(Recorded information Opens)
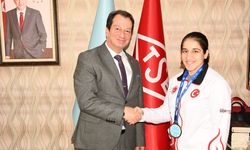DÜ Rektörü Eronat başarılı sporcularla görüştü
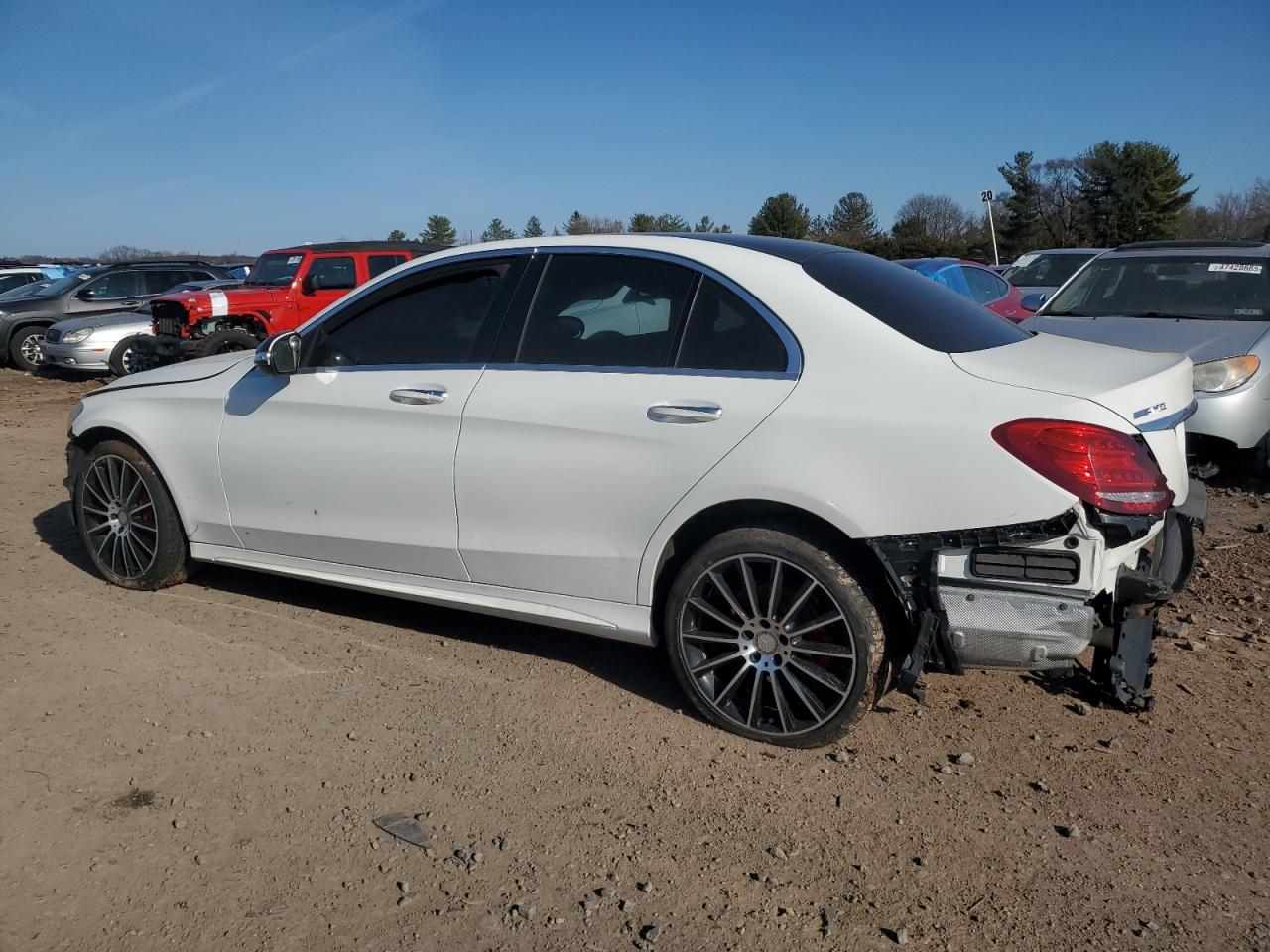 2015 Mercedes-Benz C-klasse VIN 55SWF4KB9FU009030 Copart auction photo, front end / rear end damage thumbnail 2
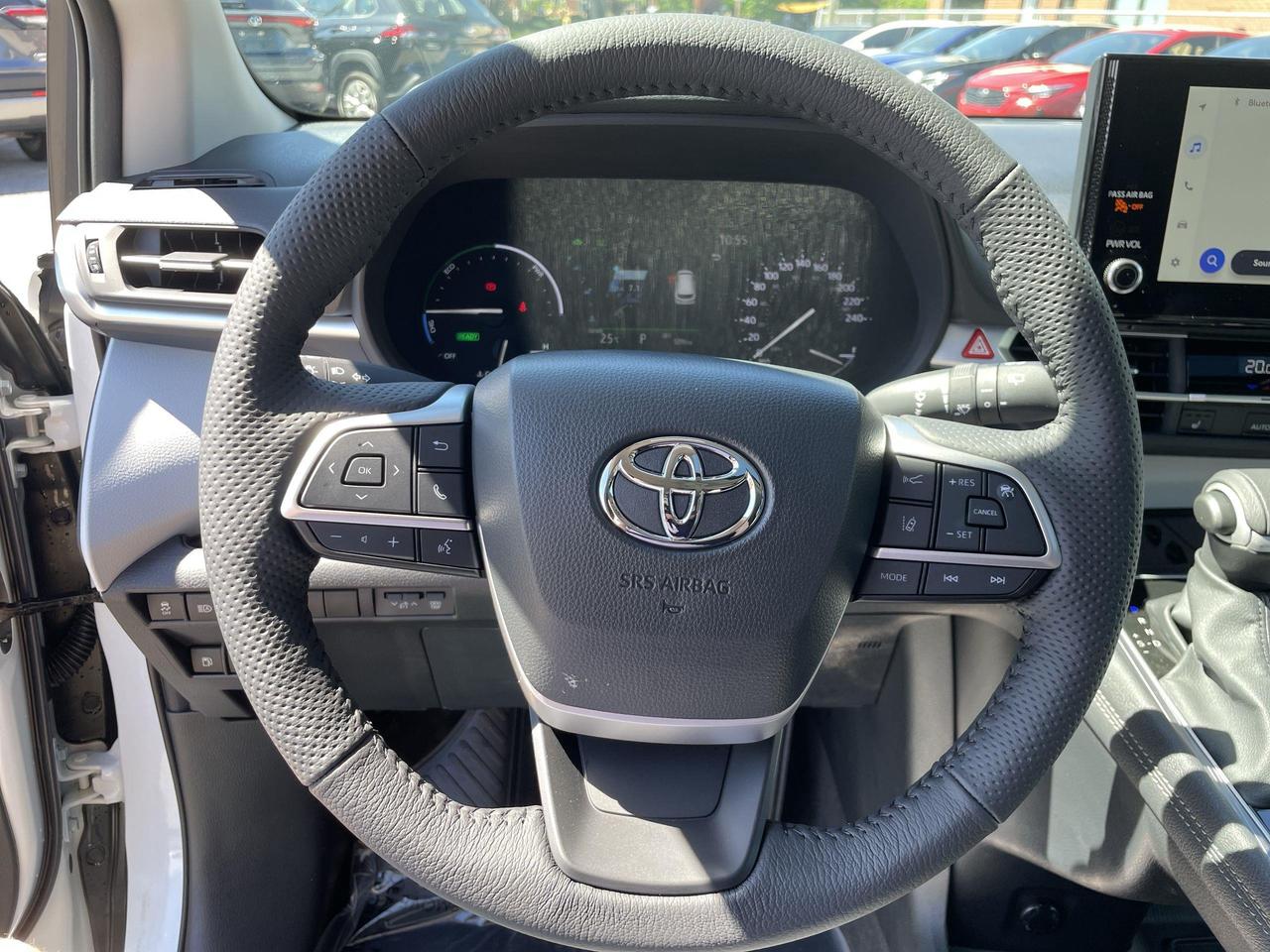 2026 Toyota Sienna XLE 8-Passenger LIKE NEW!!  ONLY 509KMS!!  SOFTEX, Photo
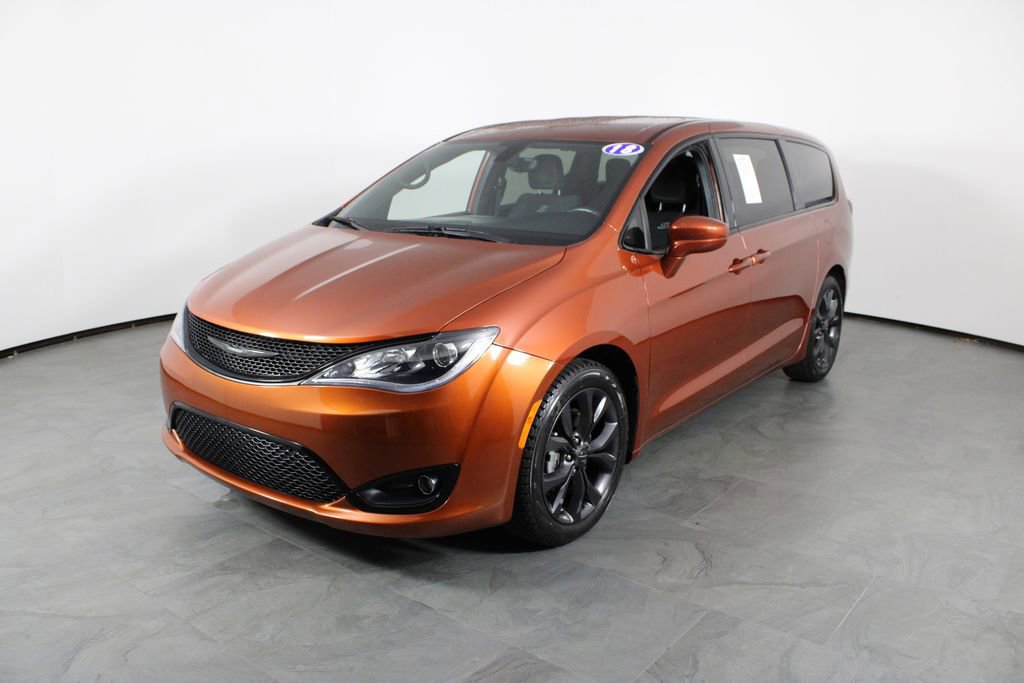 Used 2018 Chrysler Pacifica Touring Plus w/ S Appearance Package image 2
(Recorded information Closes)
Whenever images occur above, omit them and retype each line exactly as it stands.

--- Solution to this exercise ---
DÜ Rektörü Eronat başarılı sporcularla görüştü
 2015 Mercedes-Benz C-klasse VIN 55SWF4KB9FU009030 Copart auction photo, front end / rear end damage thumbnail 2
 2026 Toyota Sienna XLE 8-Passenger LIKE NEW!!  ONLY 509KMS!!  SOFTEX, Photo
 Used 2018 Chrysler Pacifica Touring Plus w/ S Appearance Package image 2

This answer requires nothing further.